If file log is not what you want, then you can also do the following. Instead of creating your own LogService, you can hook to existing service Saving event - look at LogFileWriter.cs, that's how logging to file is implemented.
About documentation - agree, will try to improve this, mention it explicitly somewhere
(to be continued)
Mar 1, 2015 at 7:45 PM
About Mass Inserts.
I'm aware of the problem, but I see it at a bit different angle. Surprisingly, I was in the same path in the past, and tried to keep DbCommand object and reuse it - for the same reason you write - to avoid too many objects created/disposed. But after some thinking - dropped it. If you look at command execution, followed by materializing returned entities, and all the activities going around there - it's obvious there are a lot of objects created/dropped in the process, so a single DbCommand, even counting with parameters - it is almost nothing in the big pile. Also reusing the DbCommand caused some other complications - like saving last command in session for debugging purpose was not so simple - the command could be reused by other thread, etc.

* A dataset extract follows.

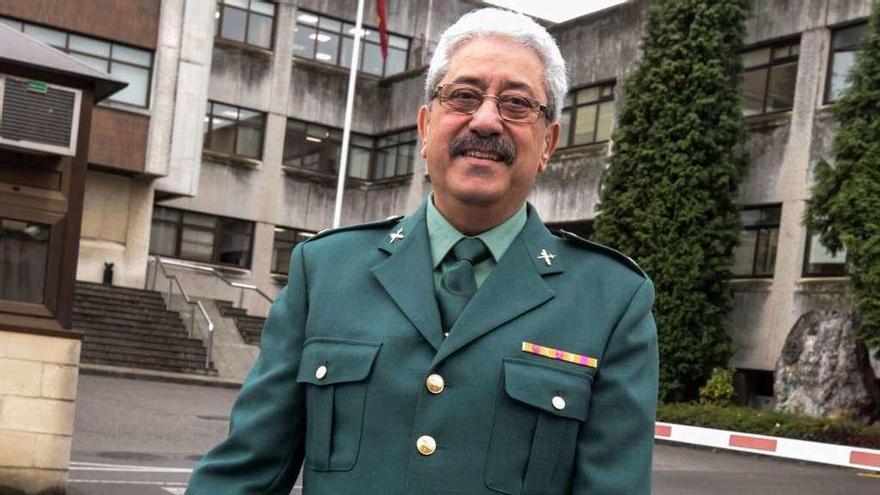 El cabo primero Serafín Pérez, ayer, en la Comandancia de la Guardia Civil de Oviedo.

As for improving performance for bulk update/insert commands, the main strategy in VITA is batched commands. See how it works in MS SQL: for generating sample data, hundred insert commands (calls to CRUD stored procedures) are put together in one SQL, enclosed in BeginTrans/Commit, and sent to server in one call. This brings 5-fold perf improvement. However, it was designed only to work with stored procedures If you don't use stored procs, the batch processing is automatically off.
The reasoning was
1) using stored proc calls allows use of caching of query plans (they are compiled with stored procs, and reused on each call), while with plain SQLs glued together it seems (ed) it would not work at all, the server will not recognize the SQL shape and reuse the cached plan.
2) The only provider I was playing with that did not have stored procedure at the time was SQL Compact edition - and SQL CE does not allow multiple SQL statements batched together (unlike SQLite).

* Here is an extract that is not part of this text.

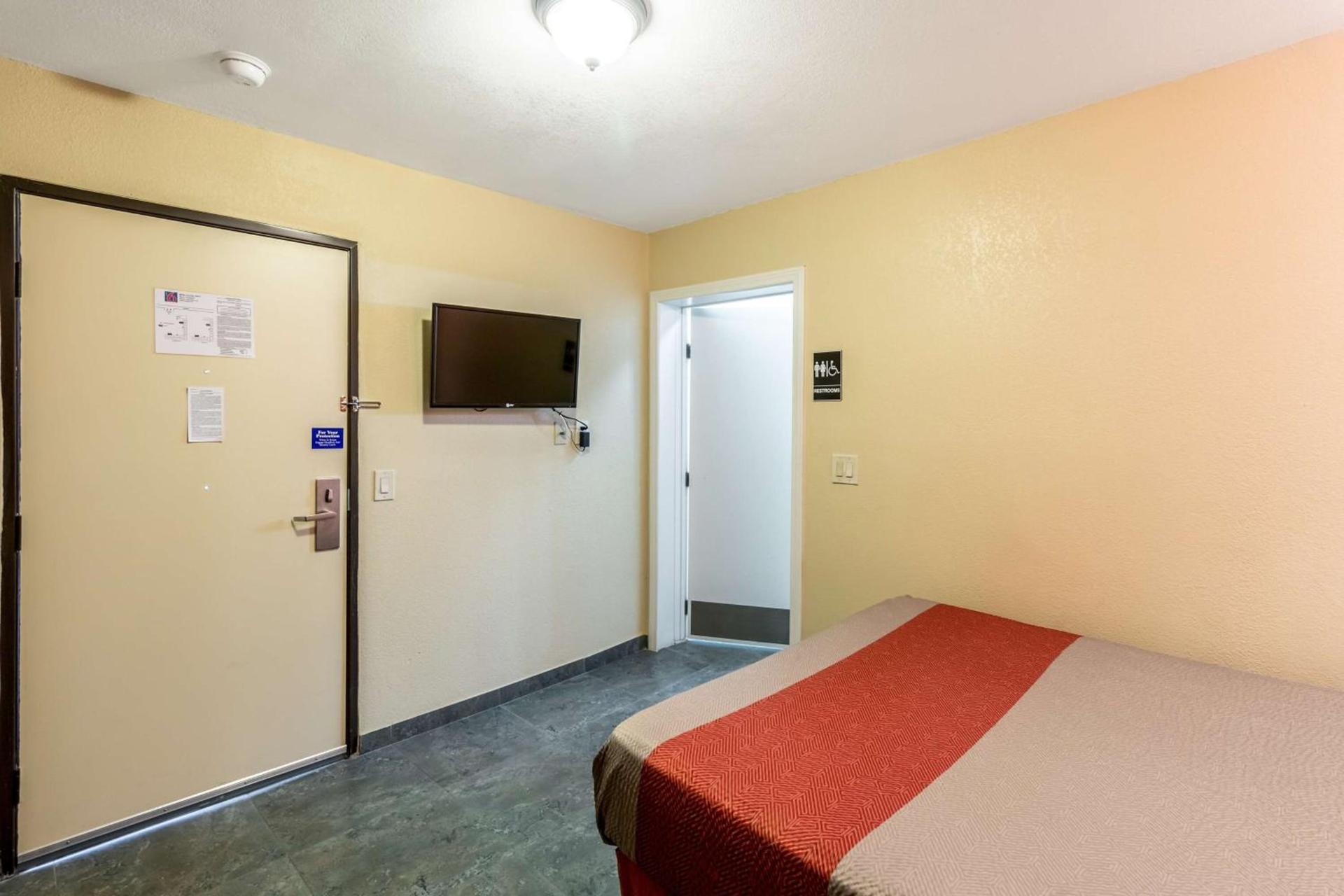 Motel 6-Blythe, CA - South photo 22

So I just added code that automatically turns off batch mode if CRUD stored procedures are not used. It is off for SQLite in VITA.

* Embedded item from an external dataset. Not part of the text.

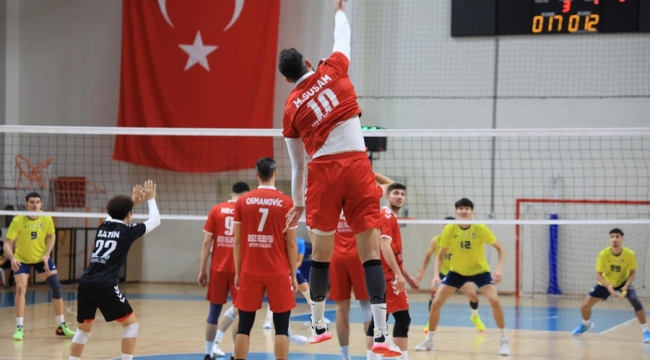 Gebze Voleybol takımı Fenerbahçe'yi 3-0 mağlup etti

However, recently I found a few articles about perf in SQLite, and they all point out one of the most effective methods is batching multiple statements into one batch, enclosed into start/commit trans. So it looks like I need to enable it - that's the plan. But it is not so trivial, due to some original design - CRUD SQLs are stored as plain strings, with parameter refs embedded direclty into SQL text, like @P1, @P2, etc. So if you just concatenate to SQLs, you get 2 instances of @P1, meaning different things. I need to refactor this, at some time soon, not immediately.
But it will be there, no doubt, seems like the gain worth the effort.
Roman
Mar 1, 2015 at 8:03 PM
Ordering of inserts - I don't think it's worth fighting for. Even if SQLite delivers you rows in a table seemingly in the order of inserts, I think it might all break if you get to bigger volumes, and things start involving different pages or reusing empty space inside pages. The ordering in VITA is done using SCC algorithm, amazingly short and efficient code, it is probably not 'stable' sort (that preserves original order), but it is not worth messing it up for such a questionable gain.
CascadeDelete problem - I noticed that for some servers, including SQLite, you need to give server some time to digest schema changes, or even significant data updates, just by calling Thread.Sleep(). So if you are calling your deletes quickly after doing schema updates, it might be this effect. Just wild guess.
Mar 1, 2015 at 8:50 PM
Yes, I forgot to mention the Saving event of the default IOperationLogService, I think it was the first thing I found and tried. I don't remember now what was the problem with it, it either dumped the whole log at once, or did it at later times (in a separate thread). My goal is to intercept each call to the database at the moment it happens, so it can be properly mixed with all other events that occur in the application. The only way to do that was by providing my own IOperationLogService.AddEntry.

Yes, I see how reusing the DbCommand can be a problem. I imagined that you had a reason to implement it that way, and I admit that I don't see any problem so far, it's just a feeling based on previous experience that it might be a problem in some situations. But I could be wrong, or at least not run myself into such situation in the near future :)

Yes, if ordering of inserts is hard to achieve, it wouldn't be worth the effort. I just thought that it might not be too hard. Actually, I'm taking care to create the entities in the right order (first the referenced entity, then the entities that refer to it), and it could actually not be changed at all, just verified for correctness.

OK, I'll take into account your advice about the schema changes, maybe there's some way to flush or wait for them.